Il nous reste enfin à dire quelques mots d’un ordre de questions que M. Ch. Henry n’a pas traité dans son article de la Revue philosophique, bien qu’il doive y attacher certainement la plus grande importance. Considérant la réalité du monde extérieur comme relevant exclusivement de la métaphysique, il réduit la science expérimentale à la détermination des lois de notre sensibilité, et comme il pense avoir découvert la base essentielle de ces lois, il peut résoudre immédiatement une foule de questions pendantes entre les savants : telle est l’inapplicabilité du théorème de Carnot aux êtres vivants. Il est bon de noter cet idéalisme scientifique, dont le lecteur n’est pas toujours suffisamment prévenu : c’est ainsi que M. Ch. Henry parle de la longueur d’onde répondant à chaque couleur, alors qu’il regarde le concept de l’éther et de ses ondulations comme ayant une valeur purement métaphysique. Cette expression ne désigne donc, pour lui, qu’une quantité purement mathématique. Croyant qu’il existe des phénomènes objectifs dont les lois de notre sensibilité peuvent ne pas nous donner une révélation exacte, nous serions porté à attribuer une plus grande valeur aux applications à la pathologie physique et psychique.

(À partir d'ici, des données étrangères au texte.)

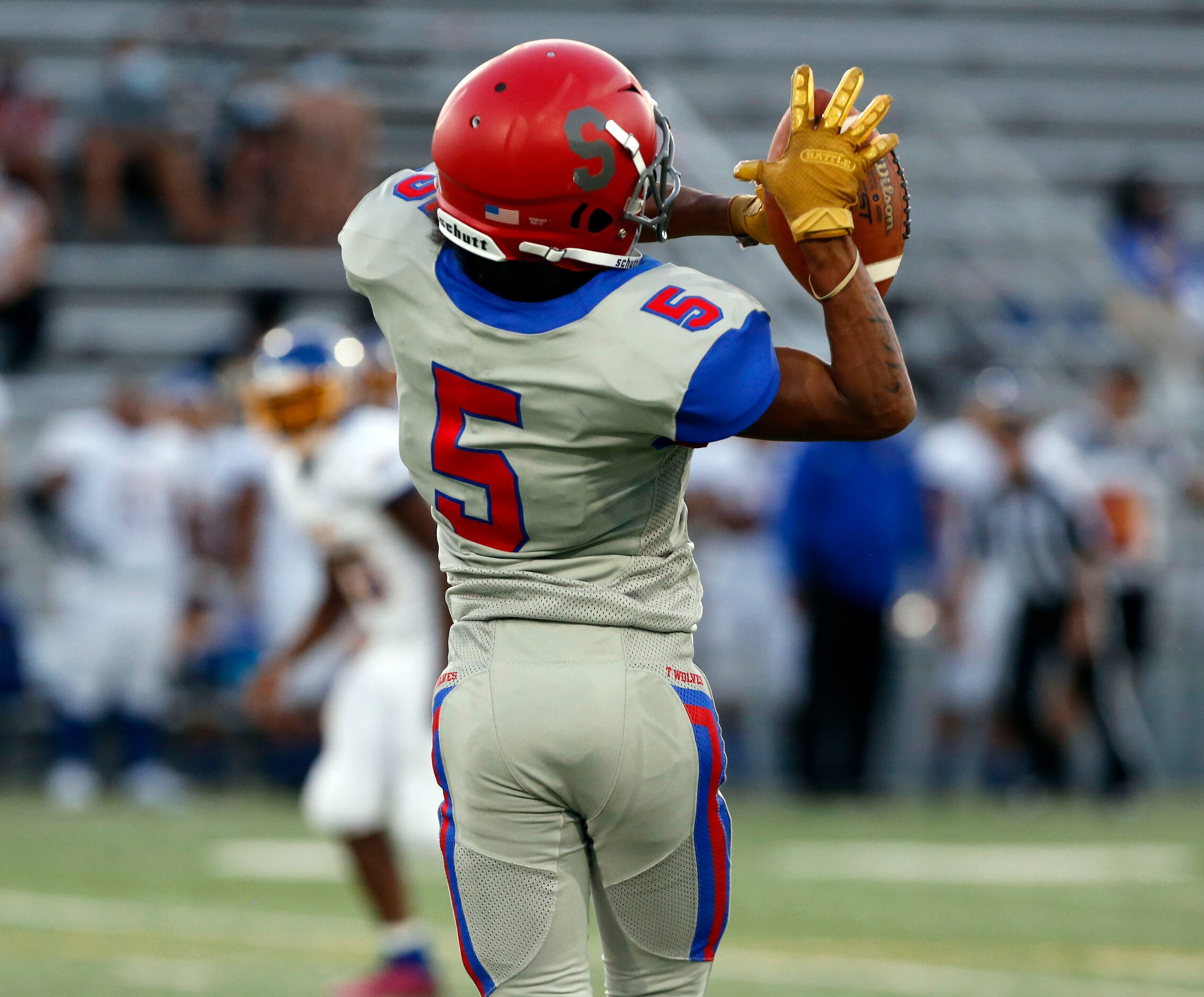 Spruce High Wilbert Trigg (5) grabs a pass during the first half of the season opening high...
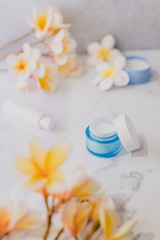 Obraz na płótnie Canvas group of skincare products including moisturiser scrub and hand cream pots on marble table with exotic frangipani flowers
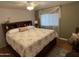 Large bedroom with king-size bed and ample closet space at 4065 E University Dr # 373, Mesa, AZ 85205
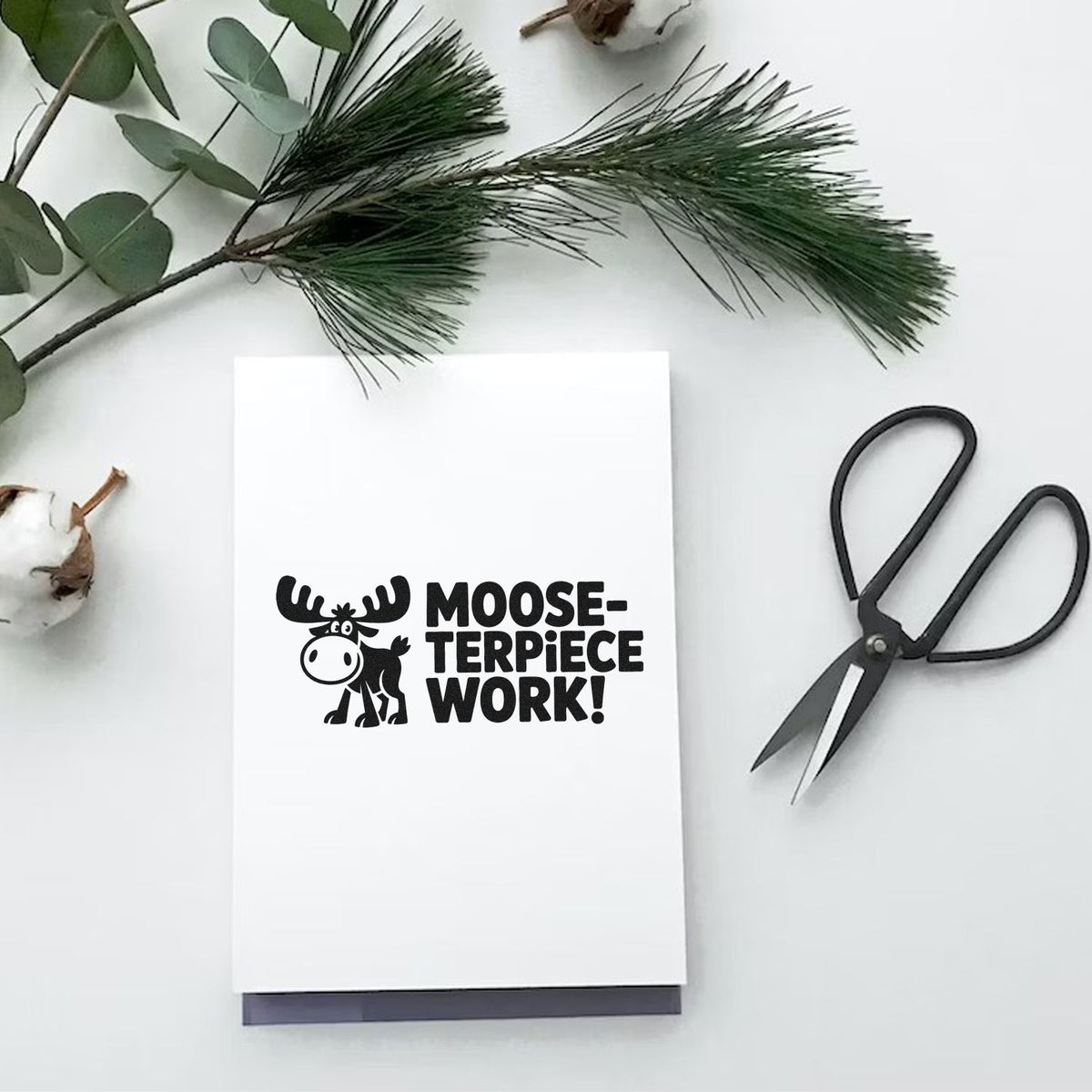 Funny Moose-Terpiece Work rubber stamp on handmade greeting card with crafting scissors and greenery.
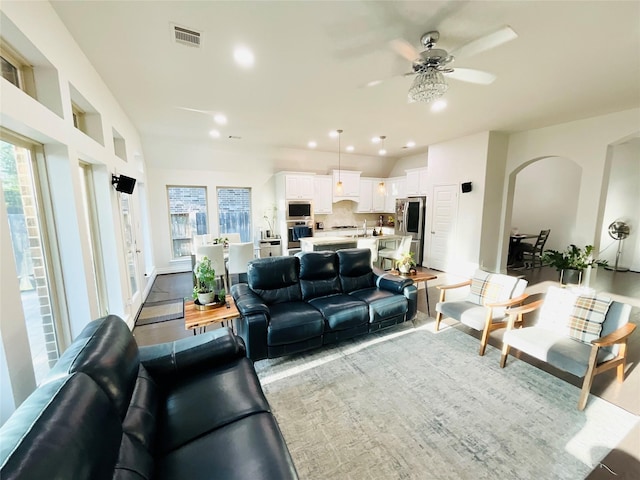 2507 Elmwood Trl, Katy, TX 77493 - living room featuring ceiling fan, arched walkways, and recessed lighting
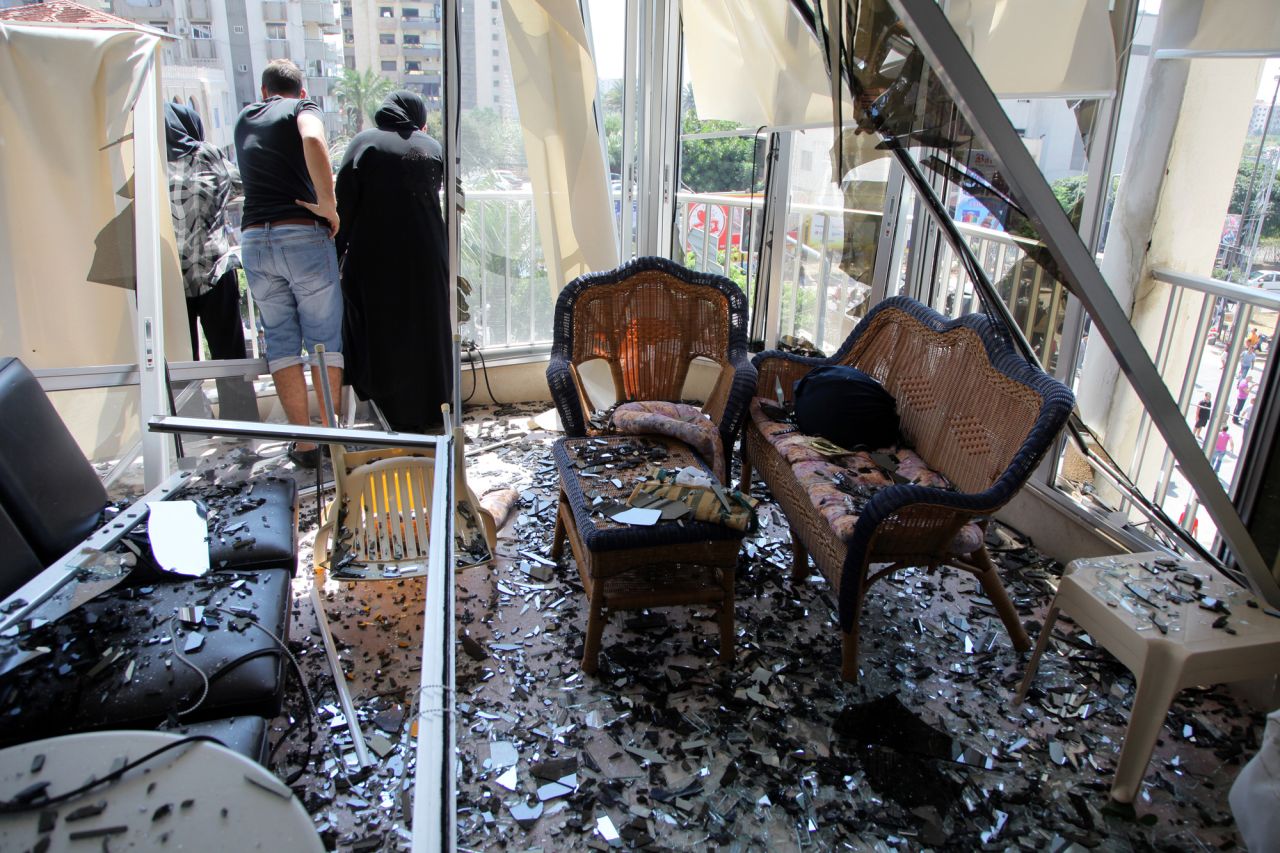 Shattered glass litters the floor of a room near the mosque.
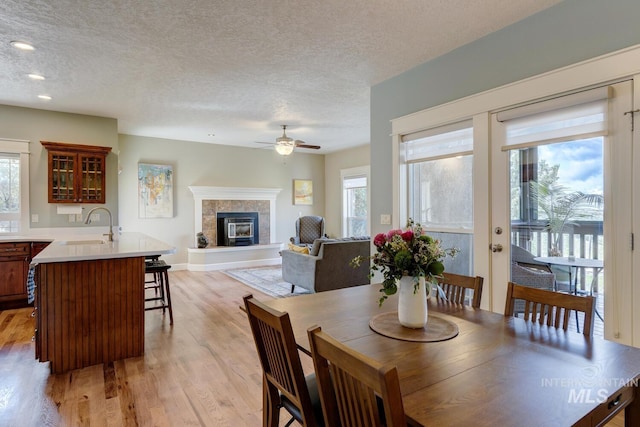 16089 N Basin Way, Boise, ID 83714 - dining room with ceiling fan, a tiled fireplace, healthy amount of natural light, light wood-style floors, and a textured ceiling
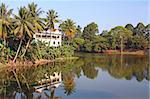 Waterfront villa at at the edge of a scenic tropical lake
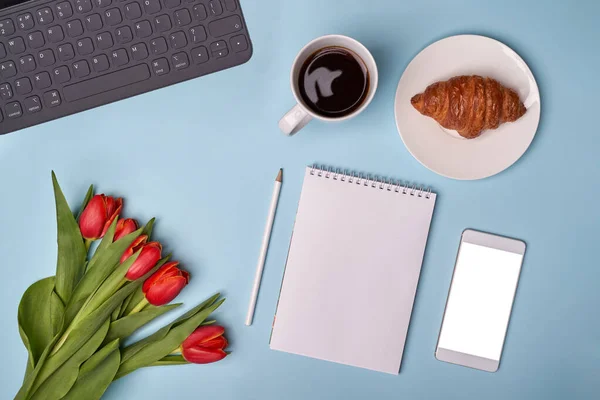 Taza de café, croissant, bloc de notas, pluma, teléfono, teclado y flores — Foto de Stock
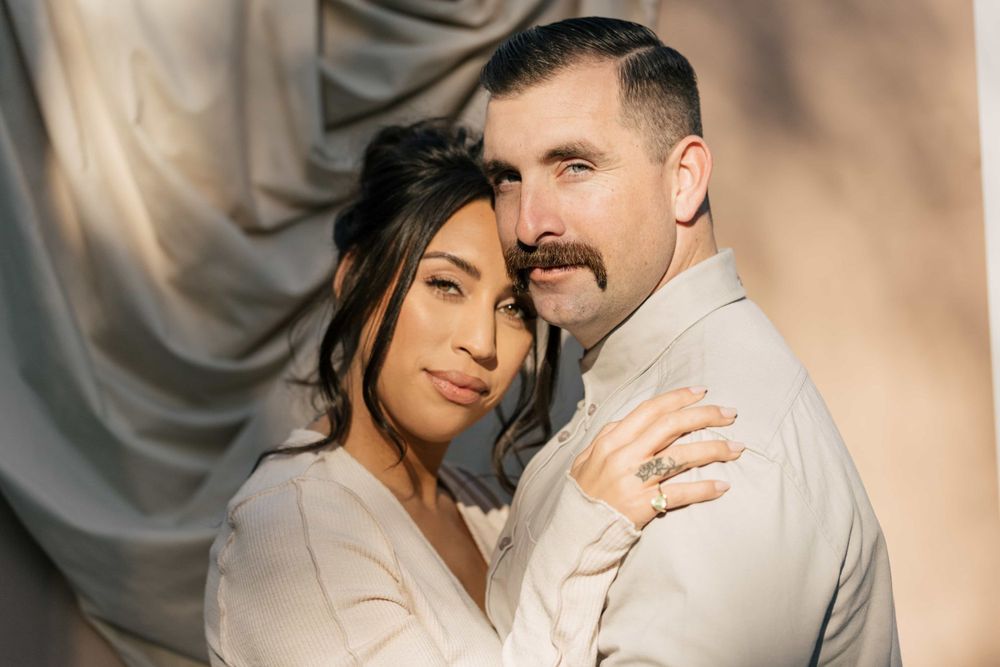 Romantic couple portrait with woman leaning on man's shoulder in warm natural light.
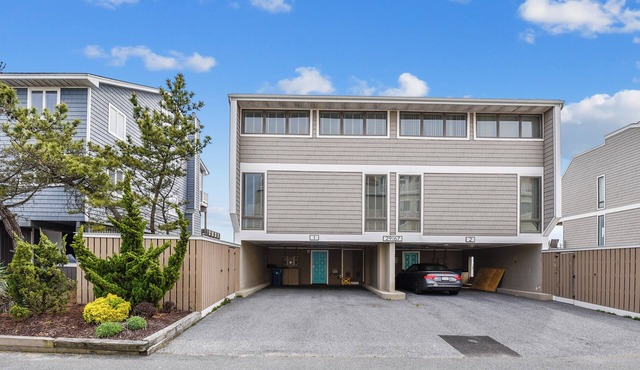 FREE ACTIVITIES! Just steps from the deck to the beach. Beautifully decorated 5 bedroom, 3 bath townhouse with all amenities, central air conditioning, washer/dryer, dishwasher, 2 oceanfront decks.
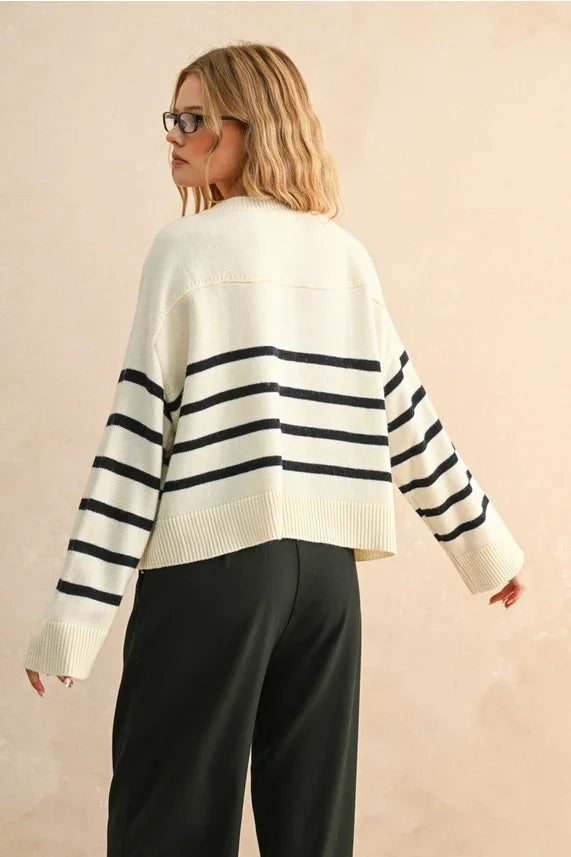 Cream-colored stripe pattern button front cardigan with black stripes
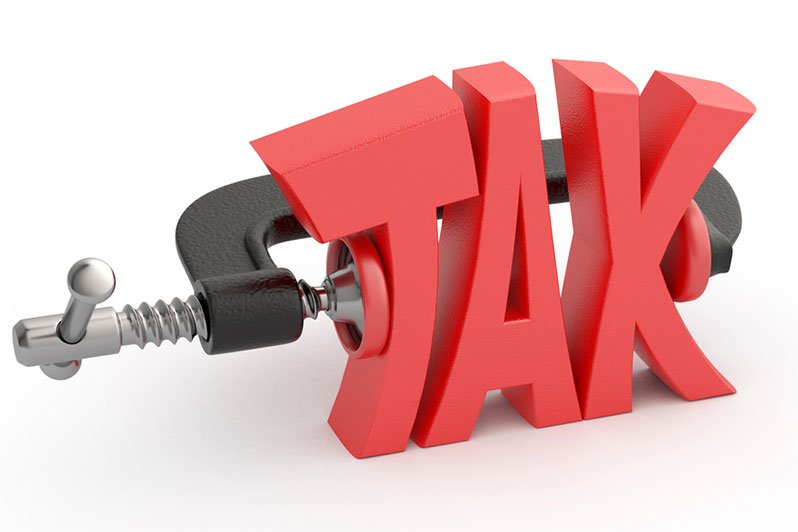 Image depicting a financial squeeze indicating the impact of high income taxes on irrevocable trusts in estate planning and elder law.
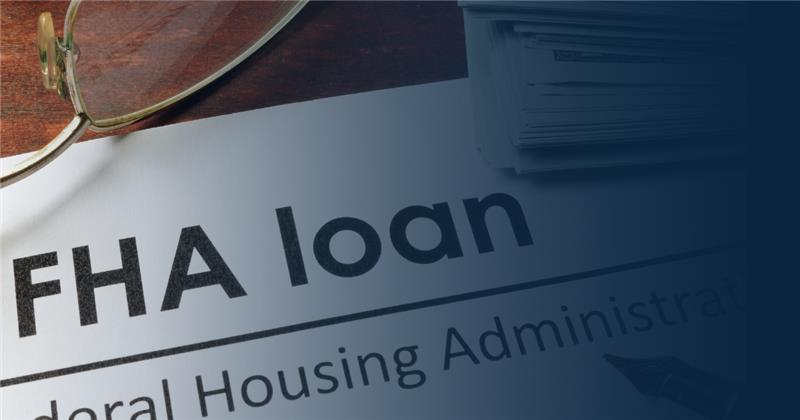 A document titled FHA loan, referring to the Federal Housing Administration, partially covered by eyeglasses.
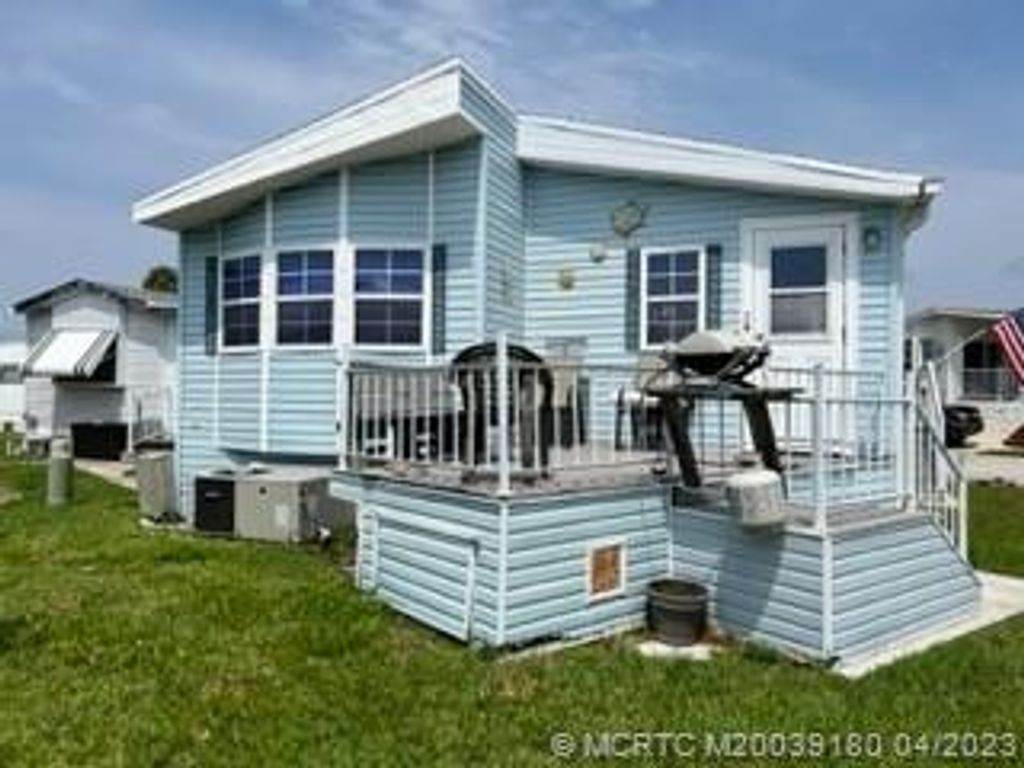 Photo of 876 Nettles Boulevard, Jensen Beach, FL 34957 (MLS # M20039180)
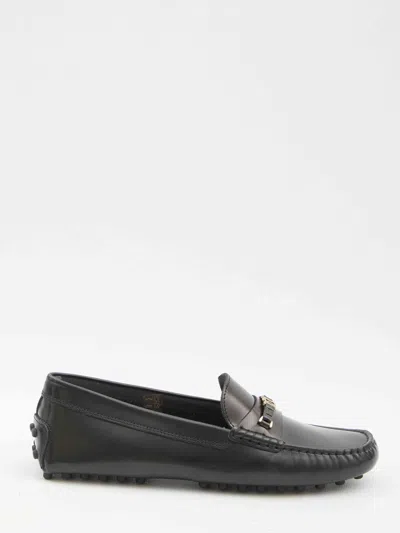 Tod's Logo-plaque Leather Loafers In Black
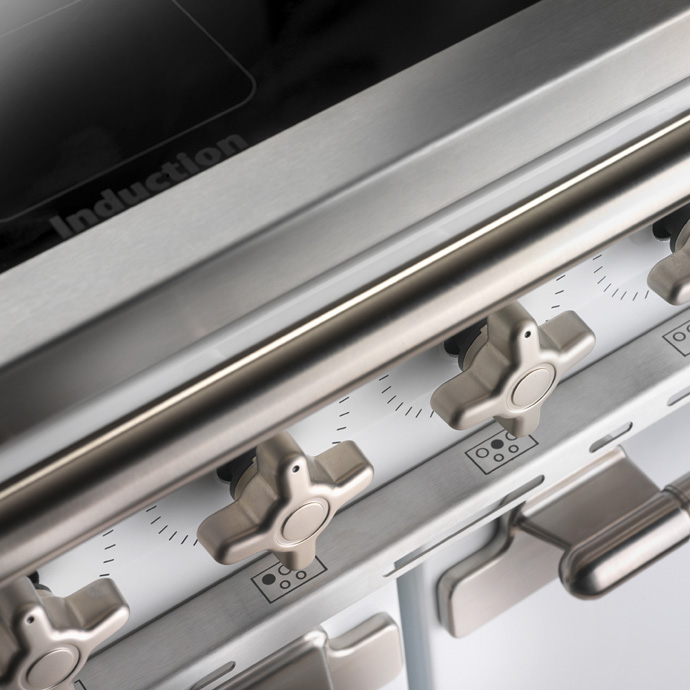 Nahaufnahme eines Induktionsherds mit mehreren Edelstahl-Drehknöpfen und robustem Design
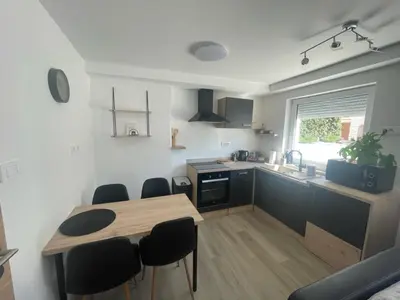 a kitchen with a table and chairs in a room at Apartma Toni Bovec in Bovec
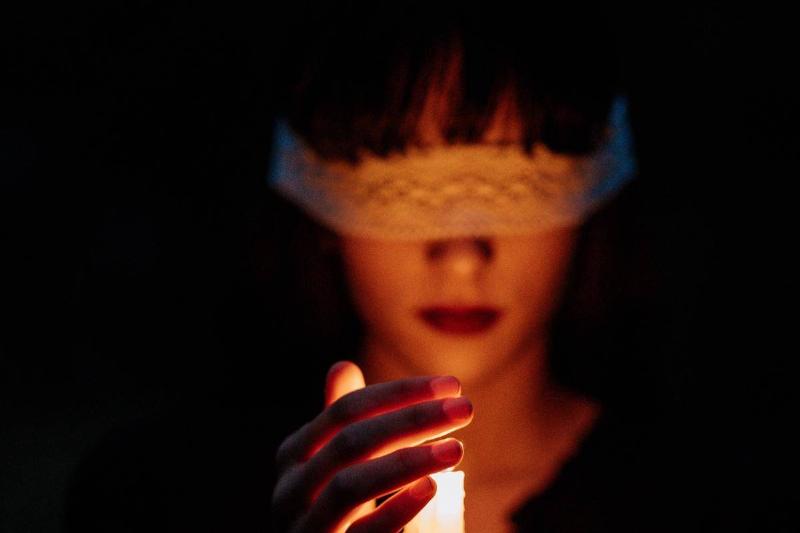 A female witch, blindfolded and holding a lit candle.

En résumé, nous sommes en présence d’un essai de réduction à quelques principes uniformes de toutes les lois de notre sensibilité, grâce à cette idée vraiment géniale d’étudier toutes les formes de cette sensibilité dans une seule, la forme motrice que toutes ont pour propriété de mettre en jeu. Cette idée si profonde, si séduisante à tous égards, s’est naturellement emparée tout entière de l’âme de celui qui l’a conçue, et, par un penchant bien naturel, il nous semble être devenu à son égard un véritable croyant, avec tout ce que ce mot suppose de force et, dans une certaine mesure, de faiblesse : celle-ci nous semble apparaître dans des applications singulièrement hasardées de la théorie et aussi dans l’obscurité de certains exposés que le croyant suppose devoir être immédiatement saisis par les autres, tant toute chose lui apparaît clairement. Enfin nous aurions quelque défiance du croyant, au point de vue de mainte vérification expérimentale, si M. Ch. Henry ne nous avait assuré que toutes ces vérifications ont été contrôlées par les personnes à la fois les plus compétentes et les moins prévenues.

Toutes ces réserves lui paraîtront sans doute bien choquantes, mais nous pouvons assurer qu’elles nous sont toutes inspirées par l’intérêt exceptionnel que nous éprouvons pour une systématisation si puissante des lois de la sensibilité et par notre désir de la voir dégagée des nuages qui nous paraissent encore l’envelopper.